No Groovy code is run in the cluster, it is only used as a means to build complex Cascading Flows and Cascades. Think of it as an Ant build file. Ant is configured by XML build files which represent internal graph of tasks the Ant tool needs to execute. We find XML tedious for such applications and figured Groovy to be a better alternative.
Here is what the canonical 'word count' example looks like in Cascading.groovy syntax:
Flow flow = builder.flow("wordcount")
{
// specify the input file, and its scheme, text
// the text scheme reads and processes each line at a time
source(input, scheme: text())
// break up each line into words
tokenize(/[.,]*\s+/)
// group each unique word
group()
// count the size of each unique word group
// stuff the results in a new field named 'count'
count()
// sort the results in reverse (descending) order
// by the 'count' value
group(["count"], reverse: true)
// write out the results, same scheme as the source
// here we delete the sink if it exists already
sink(output)
}
Typically the word count examples in the wild don't sort the results, but, since it was only one additional line, we added it.
The Cascading.groovy extension provides a Groovy builder for assembling Cascading pipe assemblies, tap maps, flows and cascades. It allows the script writer to be as formal or informal as the situation merits. The above example is very brief and informal since the problem at hand is trivial and simple.
But there are cases where the arrangement of sinks and sources is complex.

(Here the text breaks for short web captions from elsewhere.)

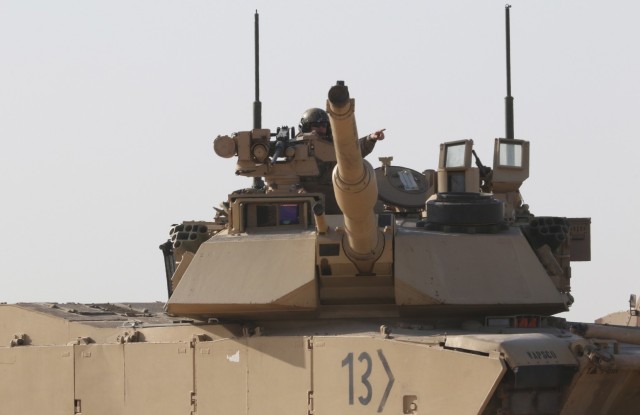A US Army Soldier from 1st Battalion, 6th Infantry Regiment, directs a neighboring tank to the area the M1 Abrams tank he occupies is moving during a Situational Training Exercise, Jan. 30, 2021, for Iron Union 14 at Al Hamra Military Airfield in United Arab Emirates. Iron Union is a recurring exercise that expands partner capacity and supports security cooperation objectives in the Middle East and Southwest Asia. (U.S. Army photo by Staff Sgt. Daryl Bradford)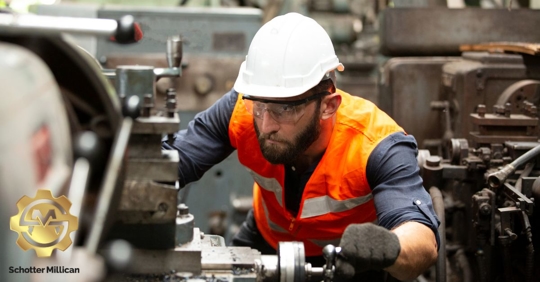 worker using a machine in a warehouse
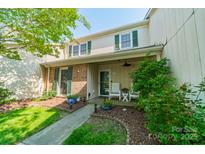 Charming townhome featuring a front porch with white chairs, lush landscaping, and traditional green shutters at 6809 Copernicus Cir, Charlotte, NC 28226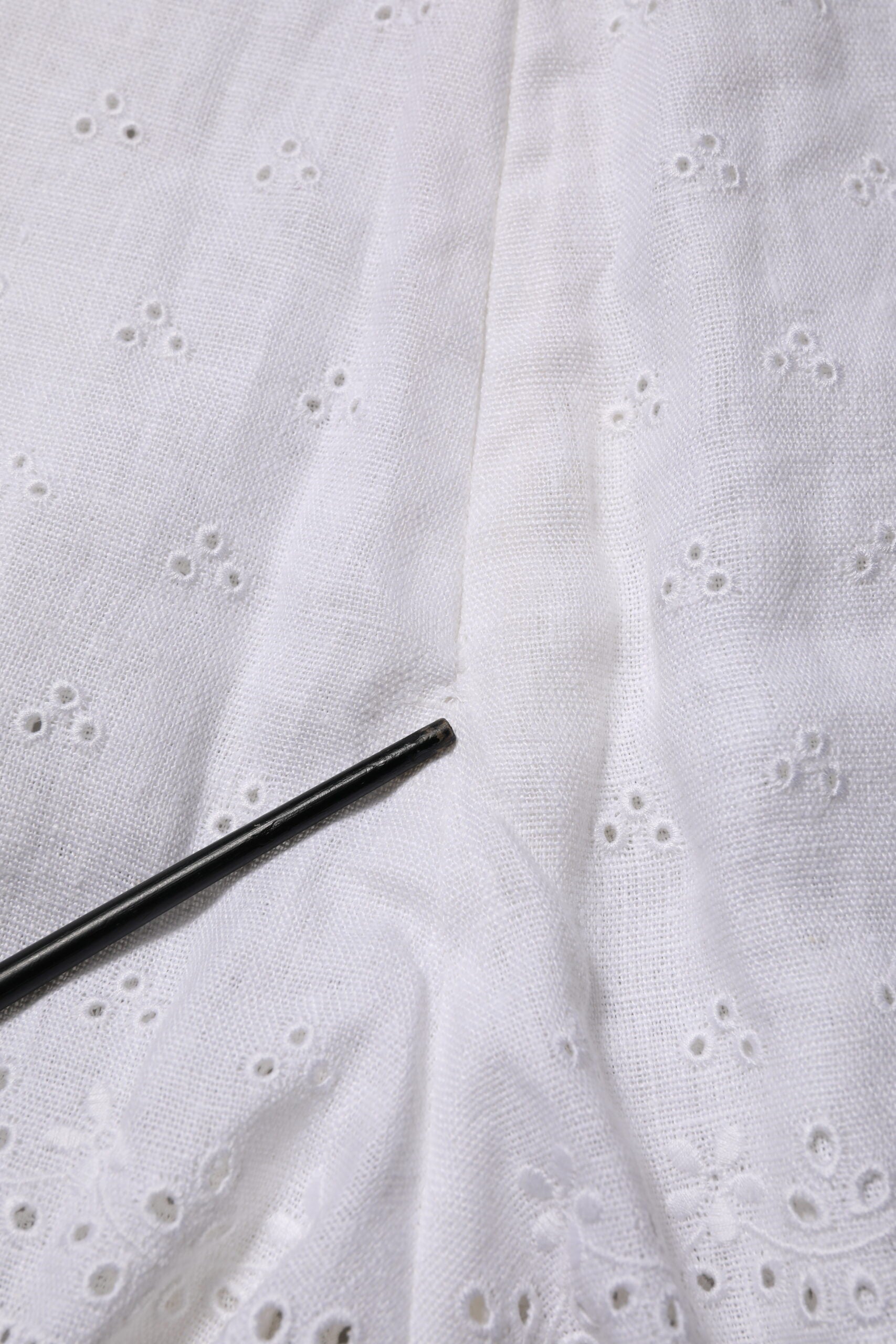 White fabric with holes, black needle for sewing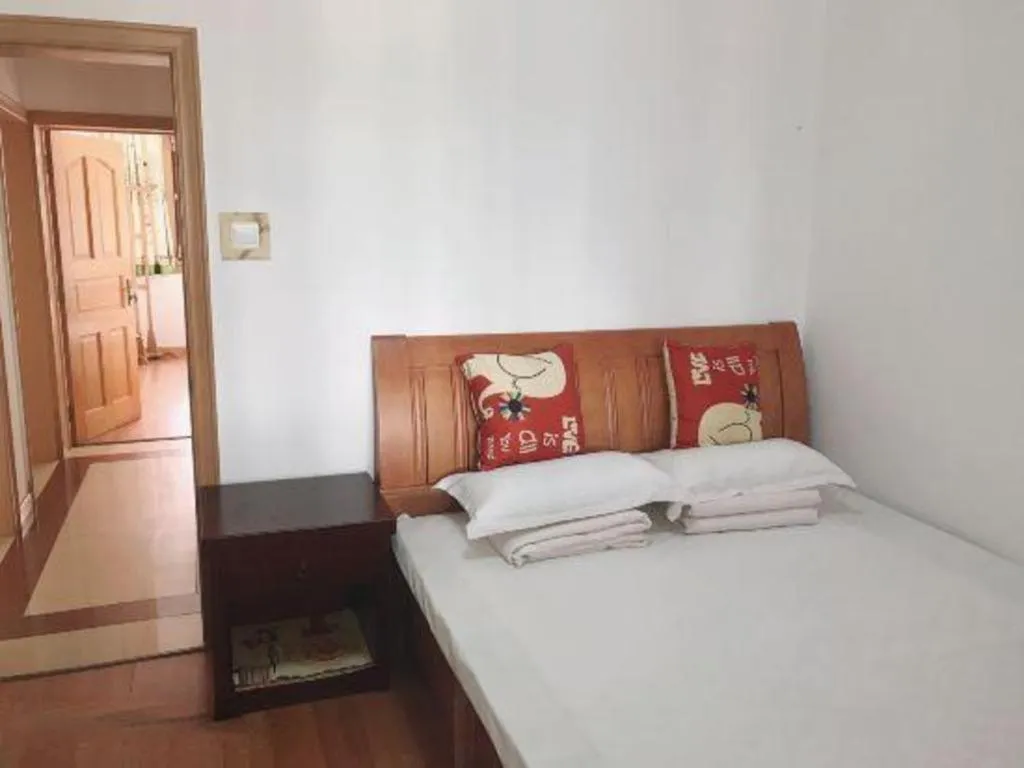 Bed in Weihai Huayu Business Hotel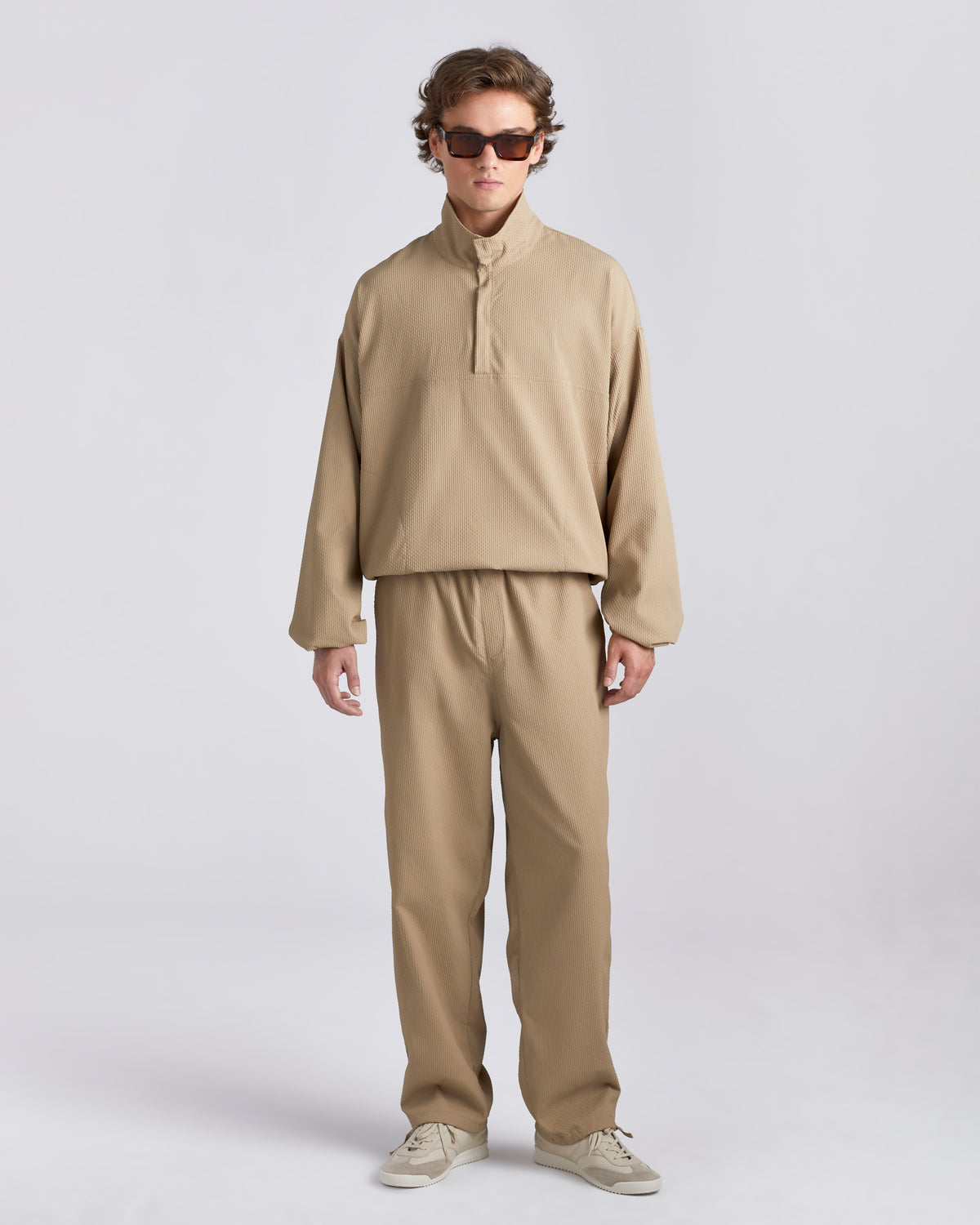 A model wearing a matching beige two-piece outfit consisting of a long-sleeve half-placket pullover and relaxed-fit trousers, styled with beige sneakers and dark sunglasses against a light gray studio background.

The data processing includes many splits and joins. There needs to be many logical grouping of discrete processing routines. And there might be a difficult number of these routines to keep managed and available for reuse. In these cases, a more verbose and formal representation may be necessary.
One possible expansion of the informal form above can be seen here:
def assembly = builder.assembly(name: "wordcount")
{
eachTuple(args: ["line"], results: ["word"])
{
regexSplitGenerator(declared: ["word"], pattern: /[.,]*\s+/) // tokenize is an alias
}
group(["word"])
everyGroup(args: ["word"], results: ["word", "count"])
{
count()
}
group(["count"], reverse: true)
}
def map = builder.map()
{
source(name: "wordcount")
{
hfs(input)
{
text(["line"])
}
}
sink(name: "wordcount")
{
hfs(output)
{
text()
}
}
}
Flow flow = builder.flow(name: "wordcount", map: map, assembly: assembly);
Those more familiar to Cascading Java API will find this more natural, but should see the benefits of a more abbreviated form.
For a much more complex example, see our implementation of the wide finder 2 benchmark in the git repository. Note that this example uses stream assertions to validate the data in the stream.
Having 'two' formats may seem confusing, but the intent of this builder is to allow for simple things to be simple. As the writer adds more complexity to their application, the Cascading builder is in a position to absorb it.
Getting started is simple. It only requires HADOOP_HOME be set in the users environment, for Groovy to be installed, and for Cascading.groovy to be downloaded and installed via the ./cascading.groovy/setup.groovy script file.
Once installed, users can execute any of the samples, in the ./cascading.groovy/samples directory, via the groovy interpreter.
On startup, Hadoop will be automatically loaded into the Groovy interpreter CLASSPATH, determined by the current HADOOP_HOME and optionally HADOOP_CONF environment variables.
See the API doc for the cascading.groovy package for details on the supported syntax and operations.